What to produce: Only one span of the material below is wanted. Output it exactly, from the line with "Auth Louis Vuitton" through the line with "Robot-With-Flowers Men'S Graphic", without any pictures.

Extracted material:
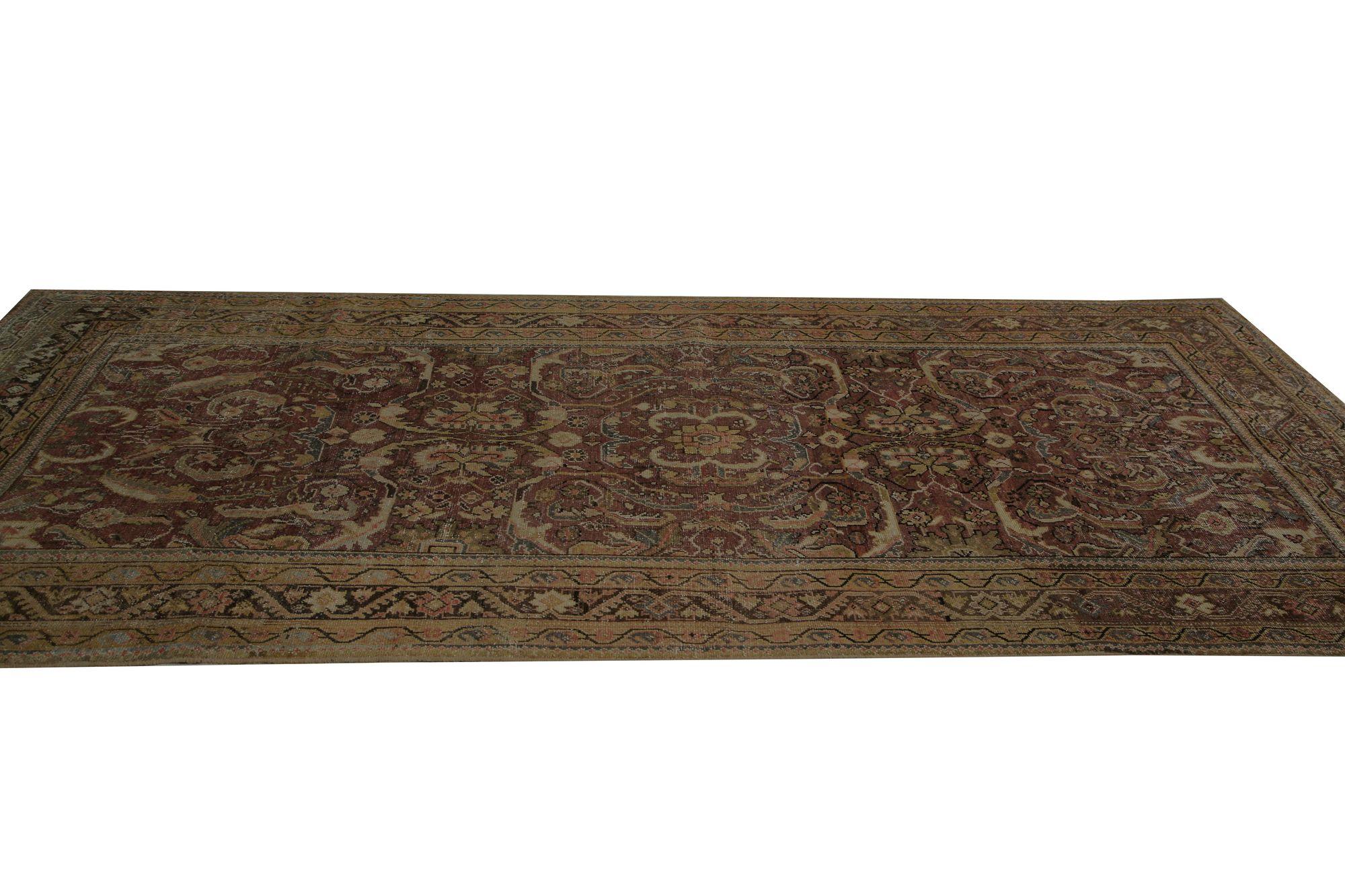 Tappeti persiani Mahal - Lana Marrone Rosso Design - 96844 In condizioni ottime in vendita a Dallas, TX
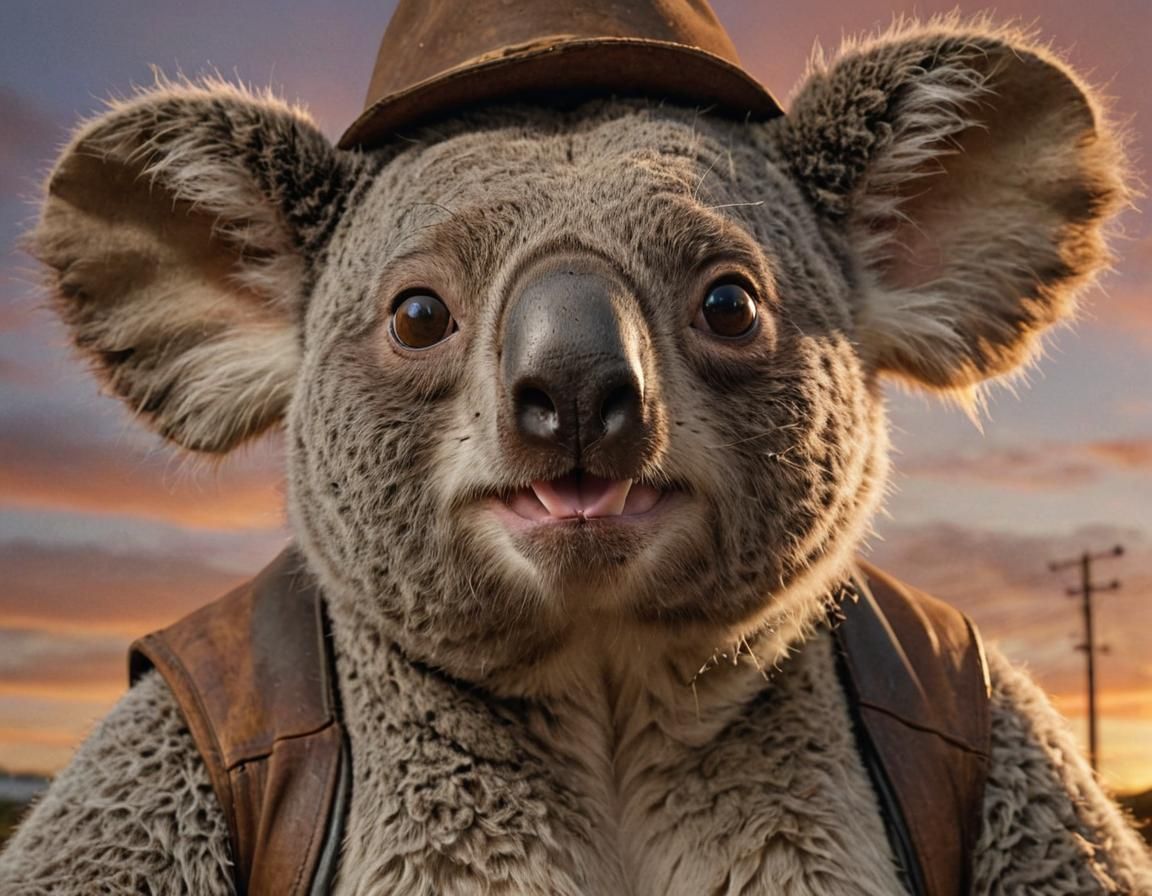 Stoic Aussie Cowboy Koala in Sun-Kissed Sunset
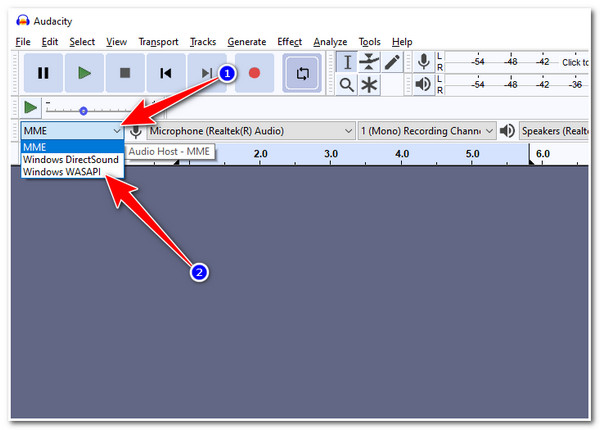 Audacity Selectați Wasapi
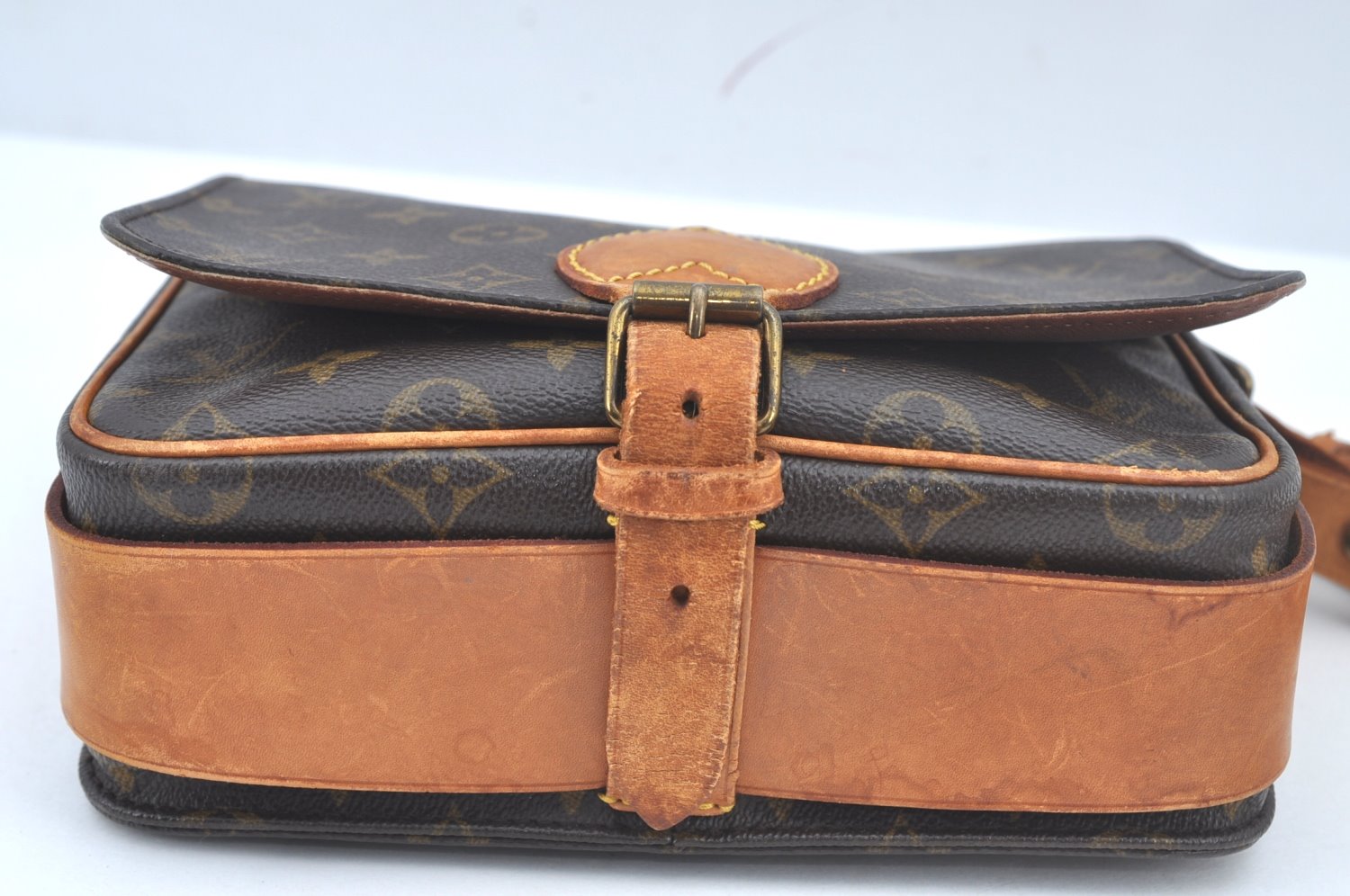 Auth Louis Vuitton Monogram Cartouchiere MM M51253 Shoulder Cross Bag Junk L0528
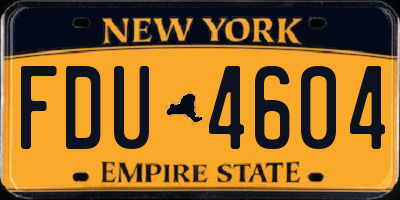 NY license plate FDU4604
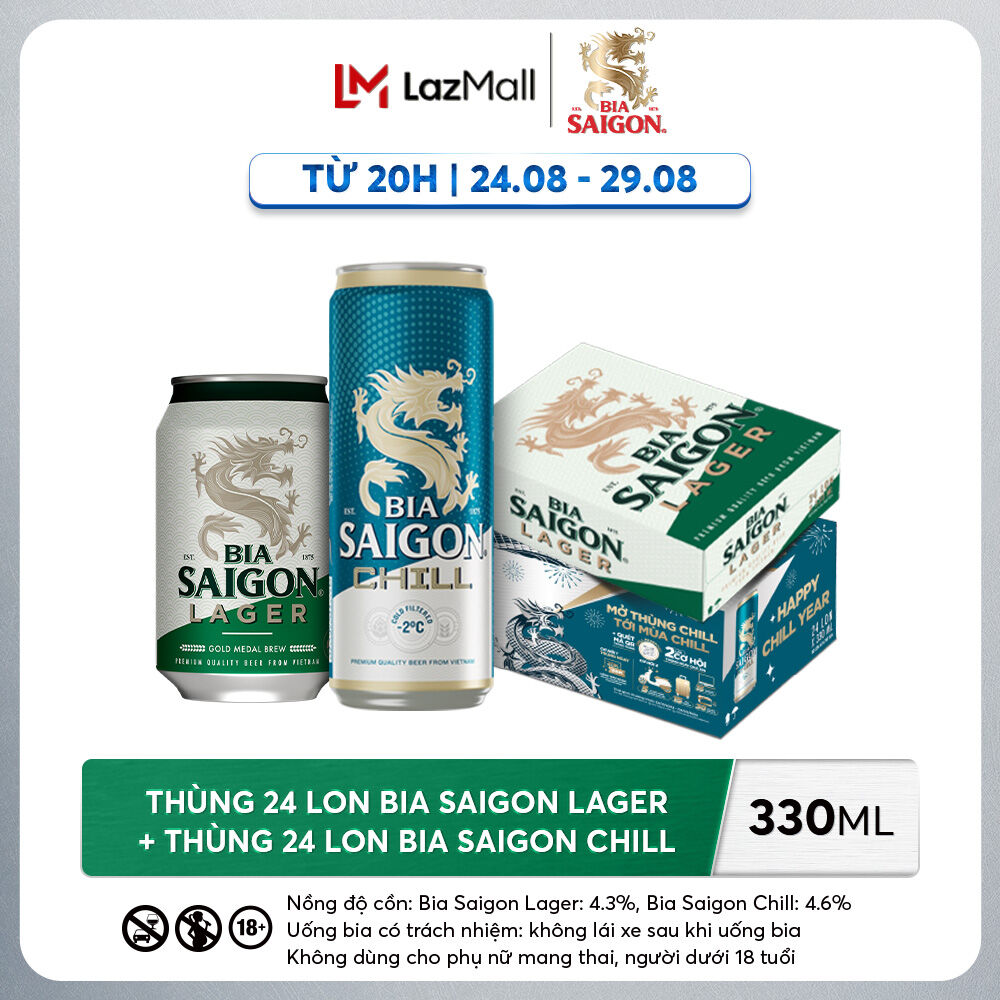 Combo 1 thùng 24 lon bia saigon lager - 330ml/lon + 1 thùng bia saigon chill 330ml x 24 lon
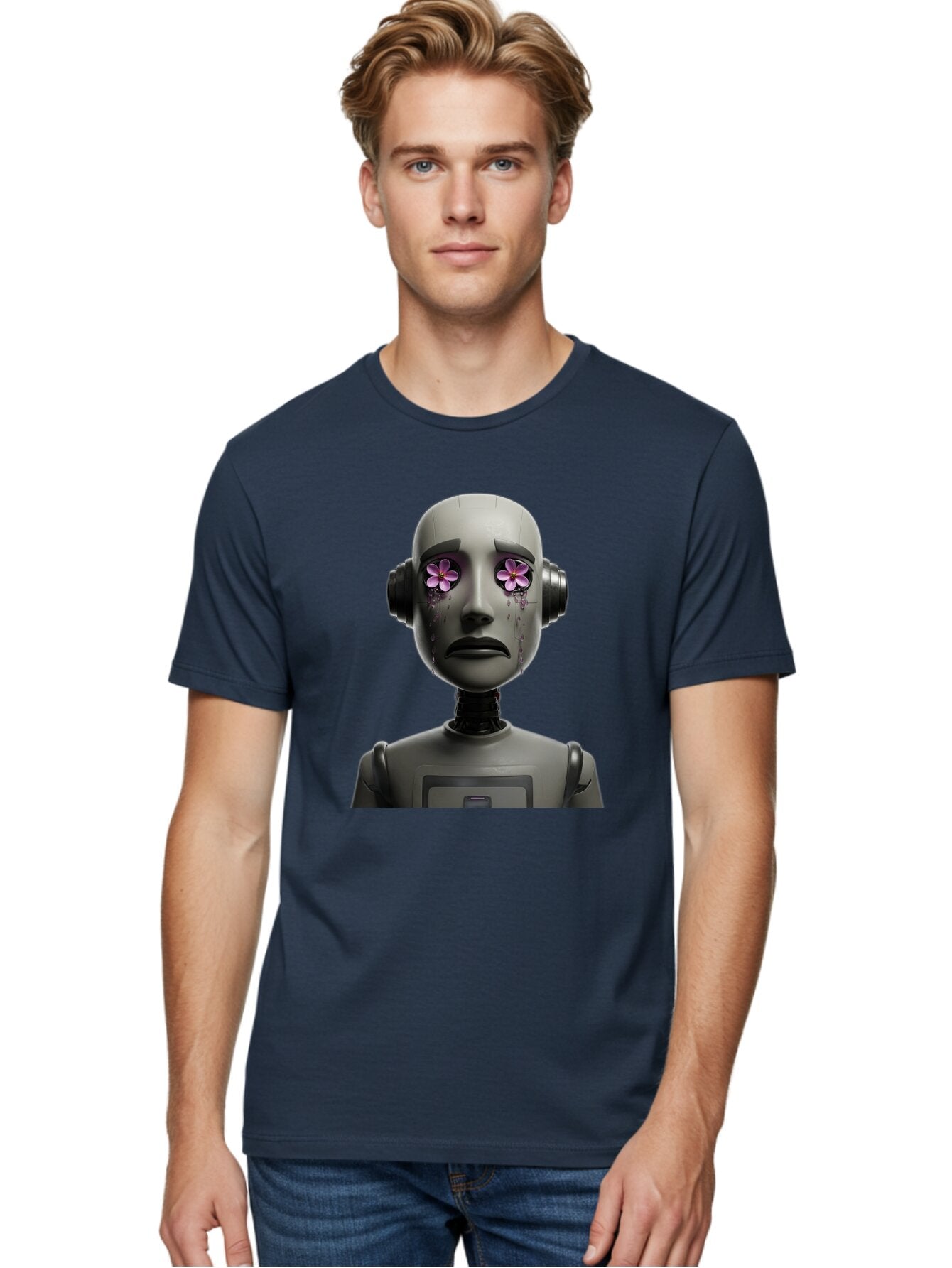 Robot-With-Flowers Men'S Graphic Tee, 100% Cotton, Comfortable Casual Summer Wear, Machine Washable, Vintage Camera, Old Camera, Antique Camera, Black Camera, Classic Photography, Photography Equipment, Nostalgic Device, Film Camera, Bap957 25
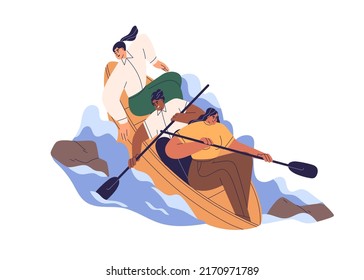 Business team rowing in boat on way with challenges, difficulties, risks. Colleagues working together. Corporate teamwork, collaboration concept. Flat vector illustration isolated on white background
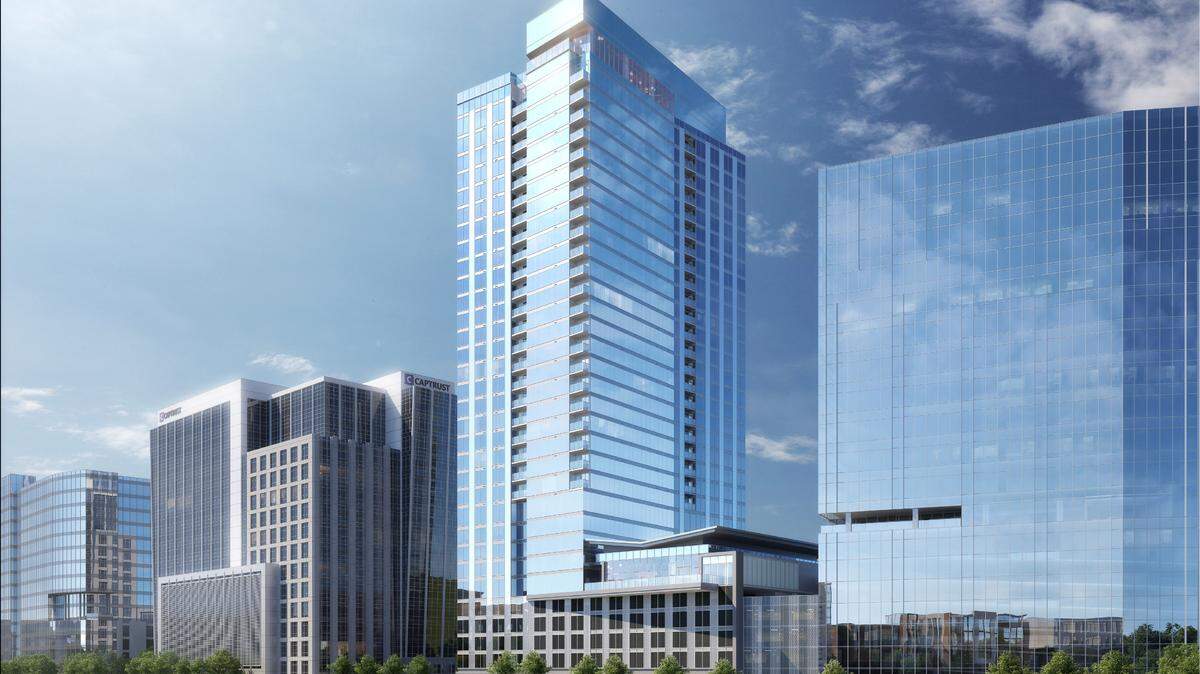 A rendering of the Walter Tower, a 33-story building that will be the home of a boutique hotel and apartments in North Hills. The project is being built by Kane Realty.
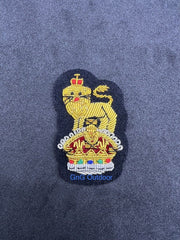 King’s Crown General Staff Officer Beret Badge Embroidered Bullion Wire Badge On Maroon Felt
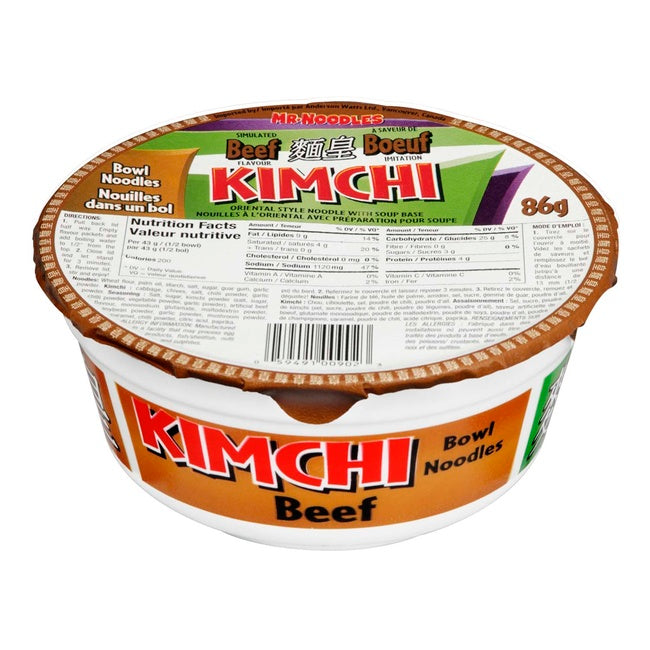 Mr. Noodles, Kimchi, Beef 86G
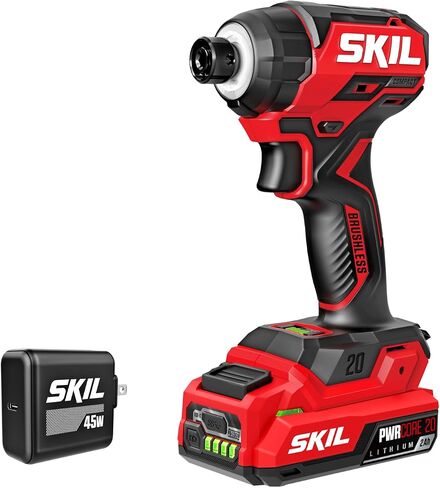 SKIL PWR CORE 20 Brushless 20V 1/4-Inch Hex Compact Impact Driver Kit, Includes 2.0Ah USB-C Battery and 45W USB-C Charger - ID6739B-1C in Kuwait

Answer to this exercise:
 Auth Louis Vuitton Monogram Cartouchiere MM M51253 Shoulder Cross Bag Junk L0528
 NY license plate FDU4604
 Combo 1 thùng 24 lon bia saigon lager - 330ml/lon + 1 thùng bia saigon chill 330ml x 24 lon
 Robot-With-Flowers Men'S Graphic Tee, 100% Cotton, Comfortable Casual Summer Wear, Machine Washable, Vintage Camera, Old Camera, Antique Camera, Black Camera, Classic Photography, Photography Equipment, Nostalgic Device, Film Camera, Bap957 25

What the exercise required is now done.